OT : Donc ça faisait un genre de chorégraphie avec les acteurs ?

TC : Oui, c’est ça, tout à fait. Les acteurs savaient que c’était derrière. Ils pouvaient ralentir le débit, ralentir le texte… Au début, j’ai proposé toutes sortes d’images, puis la metteure en scène s’inquiétait toujours du fait que l’acteur était présent et que ça allait créer des tensions ; il y avait comme une retenue… Elle aimait ça, mais en même temps elle hésitait, alors j’ai proposé qu’il y ait de l’animation tout le temps, mais à très faible dose. Quelque chose bougeait toujours en arrière-plan, puis il y avait tout à coup comme un corps qui prenait place et qui absorbait tout. L’acteur n’était plus là, puis il reprenait sa place. C’était un dialogue vraiment intéressant. J’ai appris beaucoup avec ce projet-là.

« Pour un oui ou pour un non », c’est une toute petite phrase, c’est un petit rien qui est la source d’un conflit.
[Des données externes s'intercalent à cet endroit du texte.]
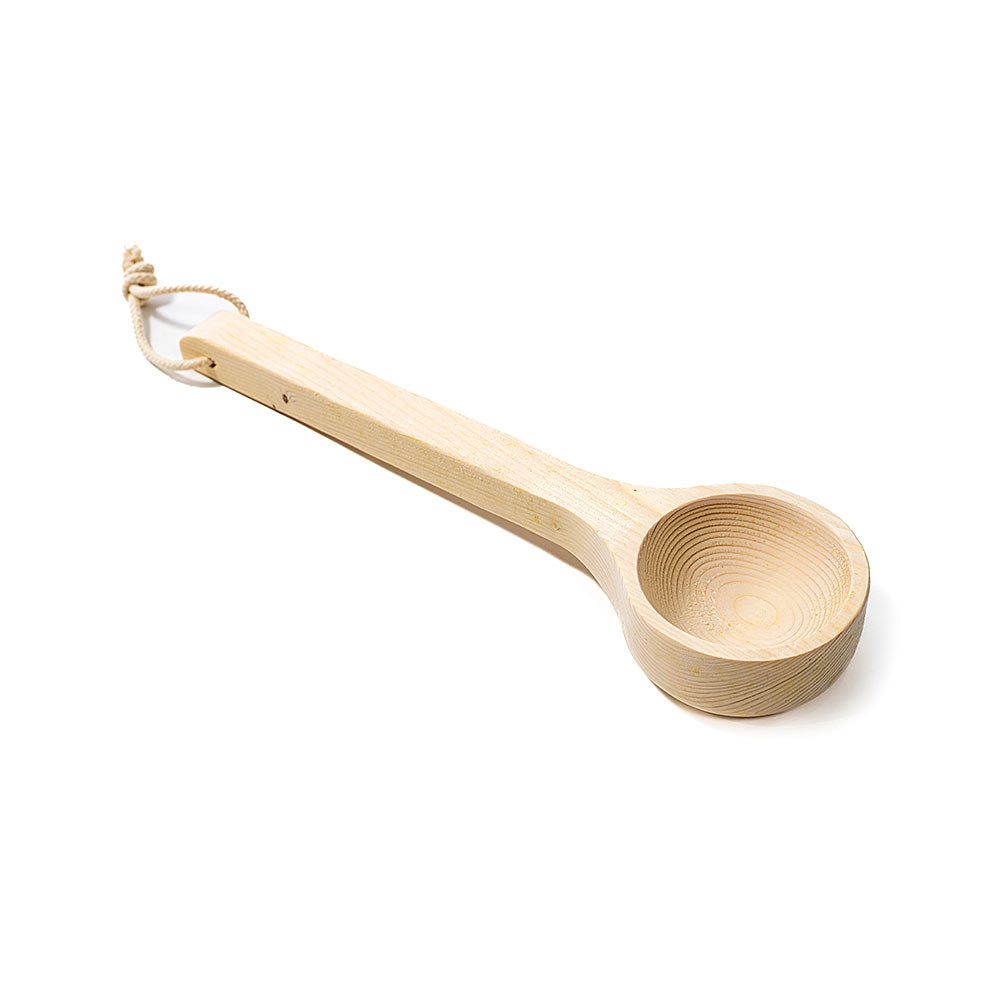 Lingura din lemn de pin pentru sauna Waincris 36 cm U-S012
Le tout petit rien est dit, puis il est analysé, répété, et ça devient une sorte de cercle concentrique avec de plus en plus d’amplitude, de tension. À un moment donné, c’est invivable comme situation. On voulait que ça devienne palpable aussi sur l’écran arrière, que la violence entre les deux devienne presque explicite par moments.

OT : C’est un peu comme dans ton film La bêtise (2016), en fait, où la fin devient une espèce d’hécatombe.

TC : Oui, c’est ça. En fait, l’entente avec le groupe théâtral me permettait de faire un film après. J’ai complètement réécrit un scénario qui avait un rapport distant avec la pièce initiale. C’est deux projets vraiment distincts, mais avec la même matière visuelle qui a été retravaillée. J’avais travaillé une bonne année sur les animations de la pièce. Je les ai recyclées dans une histoire qui était basée sur des dessins de Goya, la source d’images dont je me suis servi pour la pièce.

OT : Donc, ça a été longuement mûri.

TC : Oui. C’était un projet à long terme.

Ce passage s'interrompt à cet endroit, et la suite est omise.